The third Y-DATA meetup is fully dedicated to real-world recommender systems at large scale. First talk according to our format is given by the expert from Yandex and for the second guest talk we are happy to host amazing Inbar Naor from Taboola.
Talks will be given in English.
Big Thanks to SimilarWeb for hosting us.
Visit Y-DATA webpage to find out about our data science program at TAU campus: ydata.co.il
Agenda for the meetup:
18:00 - 18:30 Gathering and Mingling, Snacks & Beer
18:30 - 18:45 Opening words from Y-DATA and our host SimilarWeb
18:45 - 19:30 Large-scale recommender system for algorithm-driven content feed (Andrey Zimovnov, Yandex)
19:30 - 20:15 Lessons from building deep learning recommendation systems (Inbar Naor, Taboola)
"Large-scale recommender system for algorithm-driven content feed"
Yandex.Zen is a personal recommendations service created by Yandex that uses machine learning technology to create a feed of content that automatically adapts to reflect the user's active interests. The selection of content is done through the use of advanced machine learning techniques, employing both classical algorithms and deep learning to drive our recommendations engine. Over the course of the talk, Andrey will share his experience working with large-scale recommender system, starting with tips and tricks for user-item matrix factorization, followed by a dive into the topic of neural content representations, at last culminating with insights into implementing a fast nearest-neighbors search in order to find the best items to present to our users.
Speaker info: Andrey Zimovnov, Yandex
Andrei Zimovnov graduated from Moscow State University in 2013 with a computer science degree. Andrei is a senior data scientist at Yandex, where he has been working on various machine learning projects involving computer vision, natural language processing and recommender systems, currently working as part of Yandex.Zen team. Andrei is also a senior lecturer at Higher School of Economics – one of Russia's top universities, where he reads courses on machine learning.
"Lessons from building deep learning recommendation systems"

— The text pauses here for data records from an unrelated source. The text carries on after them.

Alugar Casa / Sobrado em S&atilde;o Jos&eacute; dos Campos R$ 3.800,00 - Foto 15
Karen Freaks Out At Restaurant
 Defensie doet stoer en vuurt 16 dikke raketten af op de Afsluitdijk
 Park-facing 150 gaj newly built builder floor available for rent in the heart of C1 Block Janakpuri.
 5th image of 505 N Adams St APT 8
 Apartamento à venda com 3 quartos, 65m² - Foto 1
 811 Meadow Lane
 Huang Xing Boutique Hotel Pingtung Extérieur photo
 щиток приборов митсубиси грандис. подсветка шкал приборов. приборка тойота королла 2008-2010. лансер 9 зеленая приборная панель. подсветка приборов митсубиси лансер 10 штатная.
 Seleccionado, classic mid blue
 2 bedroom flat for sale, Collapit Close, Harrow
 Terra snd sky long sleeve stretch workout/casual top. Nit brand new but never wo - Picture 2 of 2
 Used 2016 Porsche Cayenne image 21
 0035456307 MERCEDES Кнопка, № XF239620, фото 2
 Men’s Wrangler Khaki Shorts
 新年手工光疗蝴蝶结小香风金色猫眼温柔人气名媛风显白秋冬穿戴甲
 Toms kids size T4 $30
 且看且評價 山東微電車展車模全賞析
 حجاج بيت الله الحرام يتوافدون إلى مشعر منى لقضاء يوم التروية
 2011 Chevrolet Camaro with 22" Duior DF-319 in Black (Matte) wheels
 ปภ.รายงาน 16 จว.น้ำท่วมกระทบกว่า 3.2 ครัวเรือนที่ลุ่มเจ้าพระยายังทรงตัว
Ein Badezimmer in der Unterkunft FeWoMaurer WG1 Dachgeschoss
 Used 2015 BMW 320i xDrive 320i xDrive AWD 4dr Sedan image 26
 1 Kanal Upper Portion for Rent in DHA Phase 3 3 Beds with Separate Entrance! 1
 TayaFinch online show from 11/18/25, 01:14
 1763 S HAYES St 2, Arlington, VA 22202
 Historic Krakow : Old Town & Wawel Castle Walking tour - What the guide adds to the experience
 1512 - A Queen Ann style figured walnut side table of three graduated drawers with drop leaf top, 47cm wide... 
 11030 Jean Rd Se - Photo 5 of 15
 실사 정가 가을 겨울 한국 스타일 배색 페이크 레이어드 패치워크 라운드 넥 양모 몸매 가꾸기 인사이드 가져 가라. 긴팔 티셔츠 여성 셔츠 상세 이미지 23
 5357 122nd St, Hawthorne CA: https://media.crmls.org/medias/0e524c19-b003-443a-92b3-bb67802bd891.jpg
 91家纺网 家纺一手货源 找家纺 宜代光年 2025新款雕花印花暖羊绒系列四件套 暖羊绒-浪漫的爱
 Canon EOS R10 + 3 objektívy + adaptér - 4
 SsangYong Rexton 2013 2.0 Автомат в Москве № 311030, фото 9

Deep Learning models have been gaining increasing attention in the recommendation systems community, replacing some of the traditional methods. The sparse nature of the problems and the different input types offer unique challenges for feature engineering and architecture planning, in order to balance between memorization and generalization.
During the past 2 years the algorithms team in Taboola moved all of their algorithms to DL. In this talk Inbar will share the lessons the team learned doing so. She'll talk about building NN with multiple input types (click history, text and pictures); feature engineering in DL; capturing interactions between features; and the way modelling decisions are related to system engineering and research culture.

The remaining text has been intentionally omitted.